Acquired Elastotic Haemangioma Pathology
Detailed pathology of acquired elastotic haemangioma, a benign vascular lesion linked to chronic sun exposure in sun-damaged skin.
Acquired elastotic haemangioma is a benign endothelial proliferation typically presenting as a flat or raised erythematous plaque on sun-exposed skin of middle-aged to elderly individuals. It is strongly associated with chronic solar damage, characterized histologically by a band-like vascular proliferation in the superficial dermis amid prominent elastosis.
Introduction
Acquired elastotic haemangioma (AEH), first described by Requena et al. in 2002, represents a distinctive variant of cutaneous vascular proliferation. This lesion arises almost exclusively in actinically damaged skin, most commonly on the forearms, V-neck area, and other sun-exposed sites in fair-skinned adults over 50 years of age. Clinically, it manifests as a solitary, well-circumscribed, erythematous to violaceous plaque, often irregular in shape and measuring 0.5–8 cm in diameter. The lesion is usually asymptomatic, though occasional tenderness or cosmetic concern may prompt evaluation.
AEH predominantly affects middle-aged to elderly women (female-to-male ratio approximately 3:1), though male cases are reported. Its pathogenesis is linked to long-term ultraviolet (UV) exposure, which induces dermal solar elastosis—a hallmark degenerative change in the extracellular matrix. While initially considered a true hemangioma, recent studies suggest possible lymphatic differentiation based on variable D2-40 expression, though it remains classified as a benign capillary proliferation reactive to photodamage. Importantly, AEH follows an indolent course with no malignant potential; complete excision, if desired, yields no recurrences.
Histology
Microscopic examination reveals the pathognomonic features of AEH. Low-power view demonstrates a well-demarcated, band-like proliferation of dilated, thin-walled capillary-sized vessels confined to the upper dermis, oriented parallel to the dermoepidermal junction. A key diagnostic clue is the presence of a thin, uninvolved papillary dermis (Grenz zone) separating the vascular proliferation from the epidermis.
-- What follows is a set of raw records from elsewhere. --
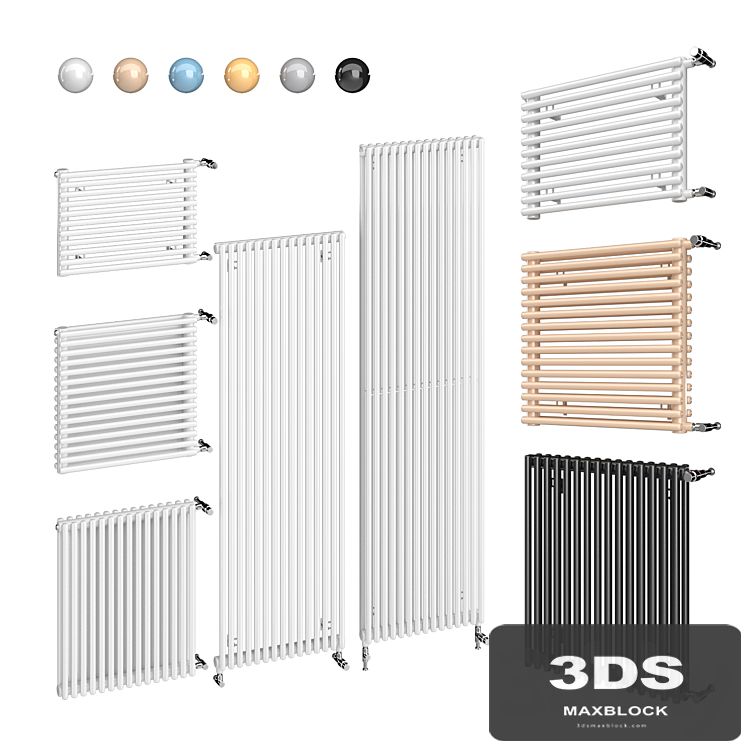 Zehnder Kleo KLV, KLH, KLVD, KLHD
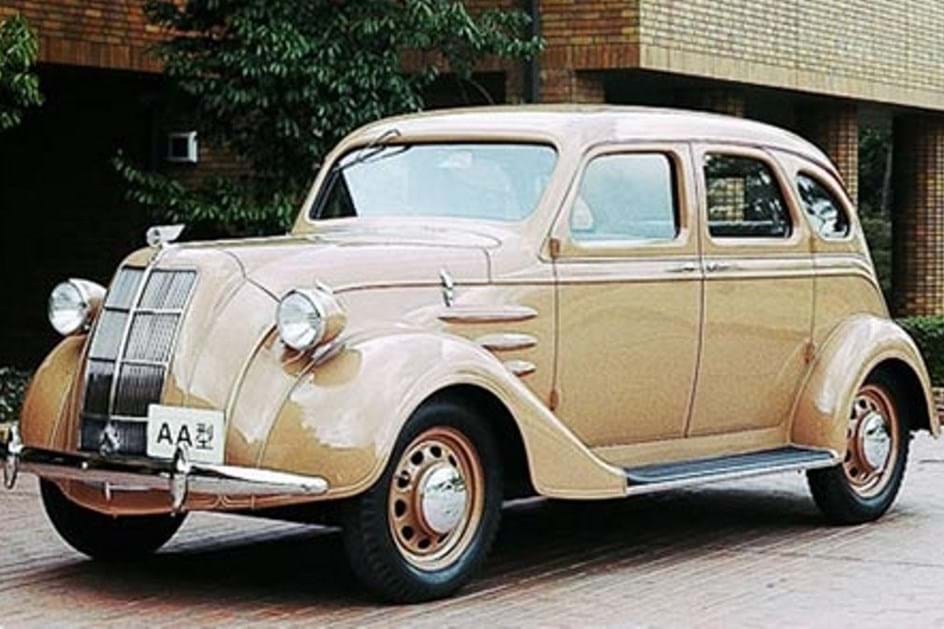 28 de Agosto de 1937: Nasceu a Toyota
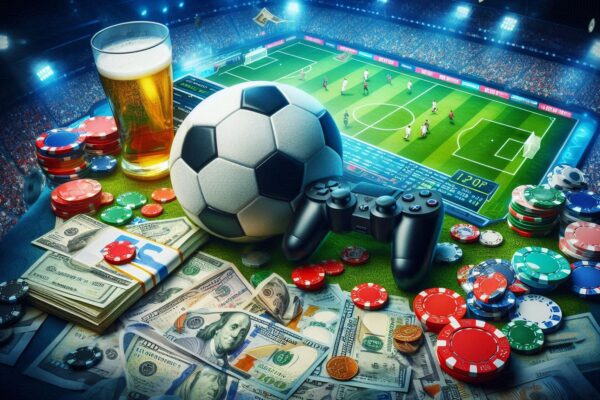 Panduan Taruhan Total Goal (Over/Under) Sepak Bola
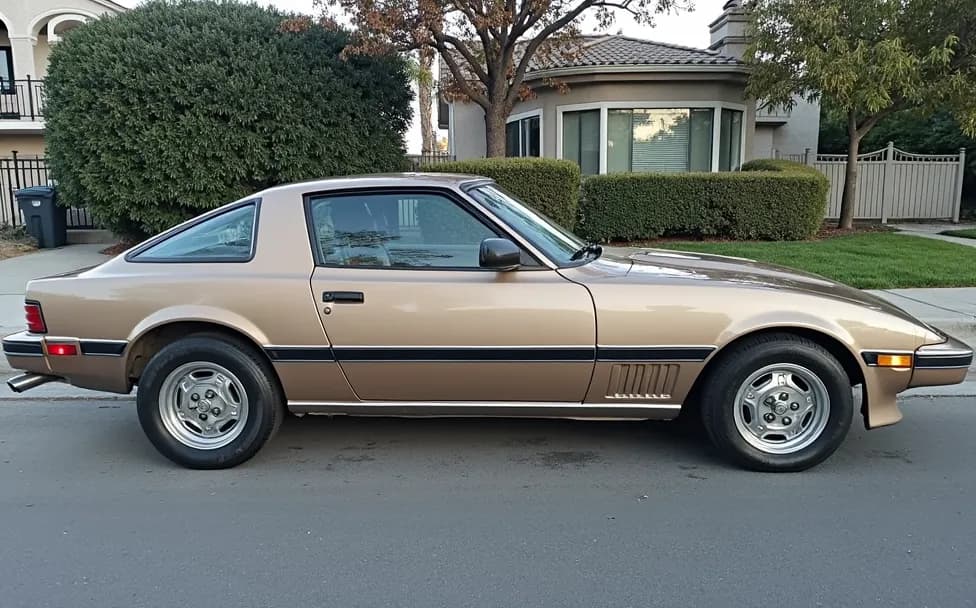 MAZDA RX-5 1.1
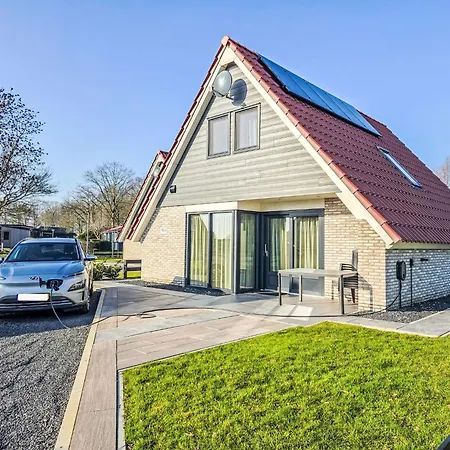 De Wieringerheid 164 By Interhome Сasa de vacaciones Den Oever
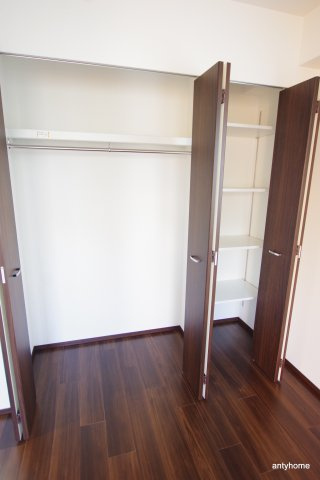 スプランディッド新大阪キャトル　仲介手数料無料の収納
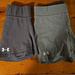 Under Armour Shorts | 2 Under Armour Compression Shorts | Color: Gray | Size: Xs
- Superficial dermis: Dense horizontal array of closely packed, capillary-sized vessels forming a superficial band-like pattern amid abundant solar elastosis.
- Solar elastosis: Prominent basophilic degeneration of elastic fibers surrounding and intermingling with the vascular channels—constitutes the most distinctive feature.
- Endothelium: Flat, bland hobnail or flattened endothelial cells without multilayering, nuclear atypia, hyperchromasia, or mitoses.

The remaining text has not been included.